Brief descriptive captions:
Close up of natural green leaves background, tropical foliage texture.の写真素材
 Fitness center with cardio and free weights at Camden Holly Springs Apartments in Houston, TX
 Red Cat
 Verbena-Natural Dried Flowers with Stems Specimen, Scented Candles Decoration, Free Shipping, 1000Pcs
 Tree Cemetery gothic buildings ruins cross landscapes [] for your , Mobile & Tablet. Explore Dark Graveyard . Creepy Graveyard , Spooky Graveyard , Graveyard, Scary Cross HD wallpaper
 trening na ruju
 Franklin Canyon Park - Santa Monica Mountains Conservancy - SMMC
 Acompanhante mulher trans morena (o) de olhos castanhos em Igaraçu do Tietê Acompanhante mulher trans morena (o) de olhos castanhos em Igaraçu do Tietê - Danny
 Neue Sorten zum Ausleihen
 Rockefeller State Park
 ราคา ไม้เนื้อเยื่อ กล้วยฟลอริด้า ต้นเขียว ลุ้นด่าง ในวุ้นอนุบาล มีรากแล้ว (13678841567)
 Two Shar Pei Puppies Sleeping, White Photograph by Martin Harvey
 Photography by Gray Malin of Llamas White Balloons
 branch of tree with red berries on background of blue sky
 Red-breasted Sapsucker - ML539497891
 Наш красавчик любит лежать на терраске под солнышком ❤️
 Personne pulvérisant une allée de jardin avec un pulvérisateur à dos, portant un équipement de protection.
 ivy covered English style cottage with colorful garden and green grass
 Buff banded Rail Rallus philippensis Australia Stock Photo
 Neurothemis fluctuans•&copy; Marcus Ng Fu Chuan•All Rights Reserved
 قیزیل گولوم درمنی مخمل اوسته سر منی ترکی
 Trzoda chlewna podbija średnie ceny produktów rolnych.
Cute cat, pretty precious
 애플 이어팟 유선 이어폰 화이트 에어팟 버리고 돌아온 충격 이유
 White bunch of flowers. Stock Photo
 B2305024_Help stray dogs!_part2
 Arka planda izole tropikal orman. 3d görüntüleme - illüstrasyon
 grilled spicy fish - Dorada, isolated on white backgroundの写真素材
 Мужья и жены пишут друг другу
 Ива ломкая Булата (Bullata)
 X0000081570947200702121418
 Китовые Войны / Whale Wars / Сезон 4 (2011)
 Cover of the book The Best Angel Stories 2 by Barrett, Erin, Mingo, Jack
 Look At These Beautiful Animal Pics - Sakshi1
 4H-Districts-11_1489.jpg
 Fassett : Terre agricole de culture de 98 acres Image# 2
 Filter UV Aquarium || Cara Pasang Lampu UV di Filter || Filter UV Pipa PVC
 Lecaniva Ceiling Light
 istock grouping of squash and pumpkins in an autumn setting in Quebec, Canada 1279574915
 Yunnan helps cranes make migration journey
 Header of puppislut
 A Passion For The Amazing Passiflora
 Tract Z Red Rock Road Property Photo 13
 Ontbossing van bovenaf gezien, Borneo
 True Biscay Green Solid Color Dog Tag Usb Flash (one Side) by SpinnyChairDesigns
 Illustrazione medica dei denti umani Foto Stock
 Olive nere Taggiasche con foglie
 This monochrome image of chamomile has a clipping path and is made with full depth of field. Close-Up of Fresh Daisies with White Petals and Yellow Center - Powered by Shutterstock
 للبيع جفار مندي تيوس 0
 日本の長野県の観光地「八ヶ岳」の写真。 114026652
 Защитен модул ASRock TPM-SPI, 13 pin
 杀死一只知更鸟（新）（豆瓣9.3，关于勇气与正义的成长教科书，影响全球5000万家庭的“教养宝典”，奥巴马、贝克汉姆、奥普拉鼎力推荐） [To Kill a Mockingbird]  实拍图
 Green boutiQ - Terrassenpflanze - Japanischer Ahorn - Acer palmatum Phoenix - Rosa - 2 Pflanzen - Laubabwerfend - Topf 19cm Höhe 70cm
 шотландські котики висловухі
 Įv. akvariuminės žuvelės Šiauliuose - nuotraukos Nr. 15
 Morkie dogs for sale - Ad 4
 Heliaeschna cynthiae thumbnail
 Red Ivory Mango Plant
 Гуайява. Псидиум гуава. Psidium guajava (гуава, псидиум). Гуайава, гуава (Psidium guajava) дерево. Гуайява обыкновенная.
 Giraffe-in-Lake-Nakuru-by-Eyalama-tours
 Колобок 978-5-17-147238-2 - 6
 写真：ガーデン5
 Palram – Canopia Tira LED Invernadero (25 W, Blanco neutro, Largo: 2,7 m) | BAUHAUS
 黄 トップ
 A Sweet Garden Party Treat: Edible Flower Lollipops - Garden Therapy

▶ [Task requirements]
From the data, list each line in which the string "with" appears.

▶ [Finished task]
 Fitness center with cardio and free weights at Camden Holly Springs Apartments in Houston, TX
 Verbena-Natural Dried Flowers with Stems Specimen, Scented Candles Decoration, Free Shipping, 1000Pcs
 branch of tree with red berries on background of blue sky
 ivy covered English style cottage with colorful garden and green grass
 This monochrome image of chamomile has a clipping path and is made with full depth of field. Close-Up of Fresh Daisies with White Petals and Yellow Center - Powered by Shutterstock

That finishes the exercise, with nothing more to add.